### Activity
In the copy, include every entry exactly but none of its images.

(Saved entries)
[Start of Attachment]

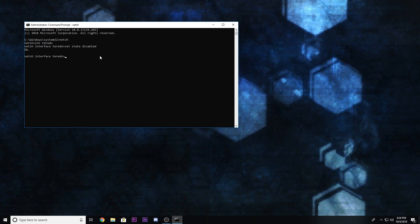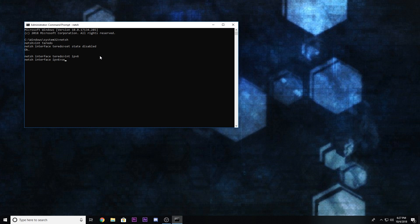And then you want to type in I-N-T I-P-V-6, enter again. And then one more, S-E-T, so set, and then T-E-R-E-D-O, client, and then hit enter again.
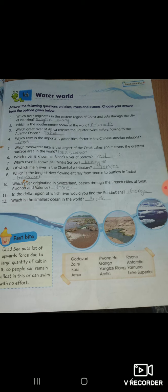Fourth: which river is the important geopolitical factor in Chinese-Russian relations? कौन सी है वो? Amur.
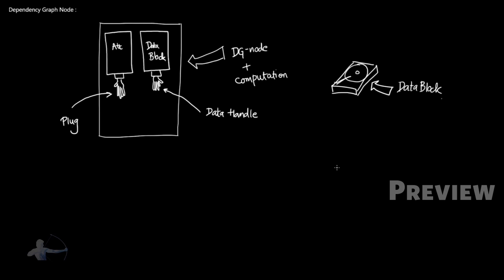So now we understand what is attribute, what is plug, what is a data block and what are data handles. And that's what a DG node is composed of.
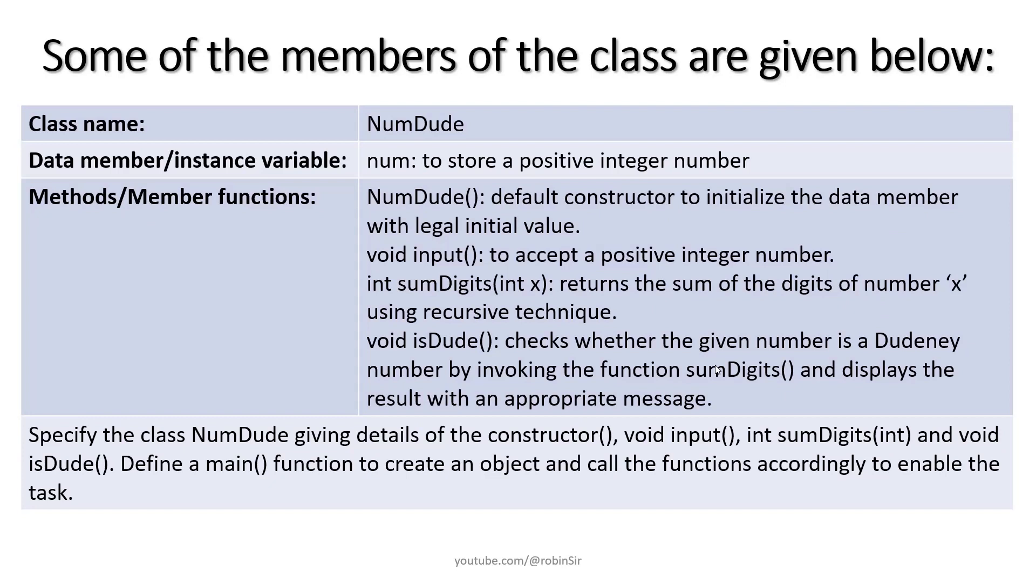Some of the members of the class are given below. So we have to create the class as NumDude. The data member is num where we will be storing the positive number. Then there are some methods. NumDude is the constructor. Input function is used to receive the value of num.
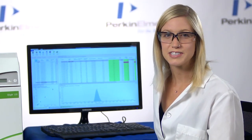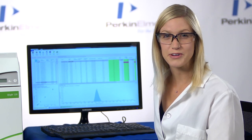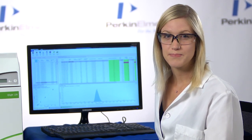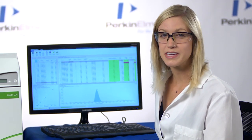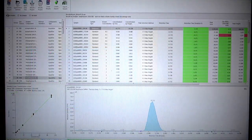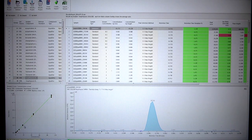This is the result table generated by the Quantitation software. The table can be organized by analyte, by sample, or even both. Here are the calibration curves that have been created. Any outliers will be flagged.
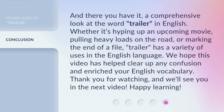And there you have it, a comprehensive look at the word trailer in English. Whether it's hyping up an upcoming movie, pulling heavy loads on the road, or marking the end of a file, trailer has a variety of uses in the English language. We hope this video has helped clear up any confusion and enriched your English vocabulary. Thank you for watching, and we'll see you in the next video. Happy learning!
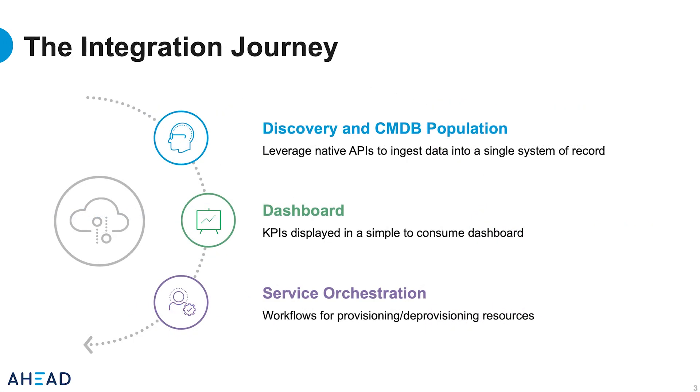So how did we get there with the PowerMax? First, we had to get the information from the storage array into the CMDB. By leveraging the native RESTful API from Unisphere for PowerMax, we can ingest all of the configuration data into our single system of record ServiceNow.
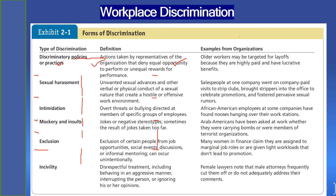Another form of discrimination is incivility, defined as disrespectful treatment including behaving in an aggressive manner, interrupting the person, or ignoring his or her opinion. For example, female lawyers note that male attorneys frequently cut them off or do not adequately address their comments. Increasing legal scrutiny and social disapproval have reduced most overt forms of discrimination, but less obvious forms like incivility, exclusion, and mockery continue to exist. This type of discrimination is difficult to eliminate because it is less easily observed and not always intentional. Even so, it can have serious negative implications including reduced productivity, increased turnover, and increased conflict among employees.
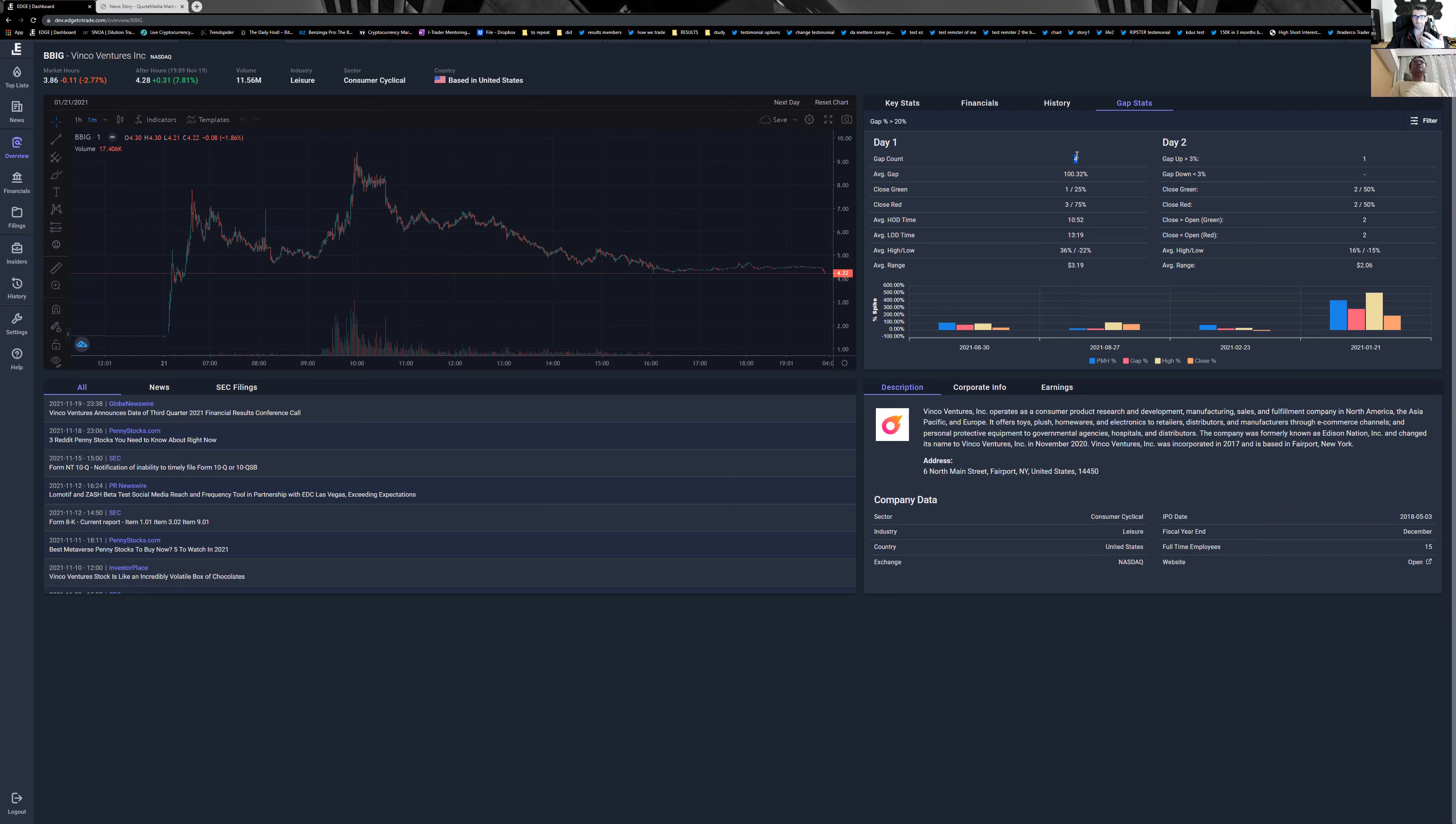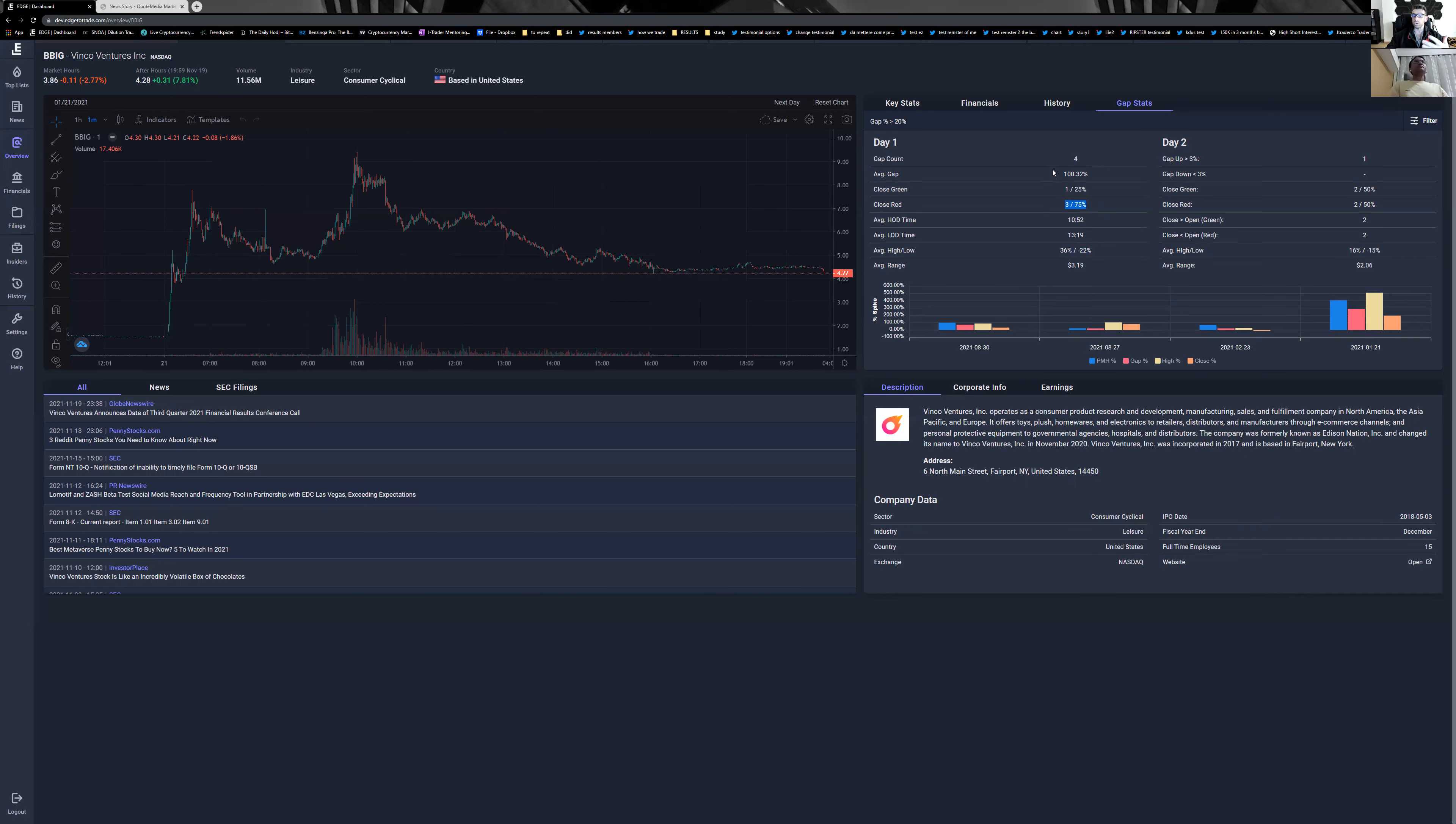If we have two or three gaps with 50-50, it's not very important. Two gaps with two red closes is not very important. But if we have 10 gaps with 75% close red, I can assume that stat is more effective. It has more volume—not just three or four gaps.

[End of Attachment]

### Exercise response
And then you want to type in I-N-T I-P-V-6, enter again. And then one more, S-E-T, so set, and then T-E-R-E-D-O, client, and then hit enter again.
Fourth: which river is the important geopolitical factor in Chinese-Russian relations? कौन सी है वो? Amur.
So now we understand what is attribute, what is plug, what is a data block and what are data handles. And that's what a DG node is composed of.
Some of the members of the class are given below. So we have to create the class as NumDude. The data member is num where we will be storing the positive number. Then there are some methods. NumDude is the constructor. Input function is used to receive the value of num.
This is the result table generated by the Quantitation software. The table can be organized by analyte, by sample, or even both. Here are the calibration curves that have been created. Any outliers will be flagged.
And there you have it, a comprehensive look at the word trailer in English. Whether it's hyping up an upcoming movie, pulling heavy loads on the road, or marking the end of a file, trailer has a variety of uses in the English language. We hope this video has helped clear up any confusion and enriched your English vocabulary. Thank you for watching, and we'll see you in the next video. Happy learning!
So how did we get there with the PowerMax? First, we had to get the information from the storage array into the CMDB. By leveraging the native RESTful API from Unisphere for PowerMax, we can ingest all of the configuration data into our single system of record ServiceNow.
Another form of discrimination is incivility, defined as disrespectful treatment including behaving in an aggressive manner, interrupting the person, or ignoring his or her opinion. For example, female lawyers note that male attorneys frequently cut them off or do not adequately address their comments. Increasing legal scrutiny and social disapproval have reduced most overt forms of discrimination, but less obvious forms like incivility, exclusion, and mockery continue to exist. This type of discrimination is difficult to eliminate because it is less easily observed and not always intentional. Even so, it can have serious negative implications including reduced productivity, increased turnover, and increased conflict among employees.
If we have two or three gaps with 50-50, it's not very important. Two gaps with two red closes is not very important. But if we have 10 gaps with 75% close red, I can assume that stat is more effective. It has more volume—not just three or four gaps.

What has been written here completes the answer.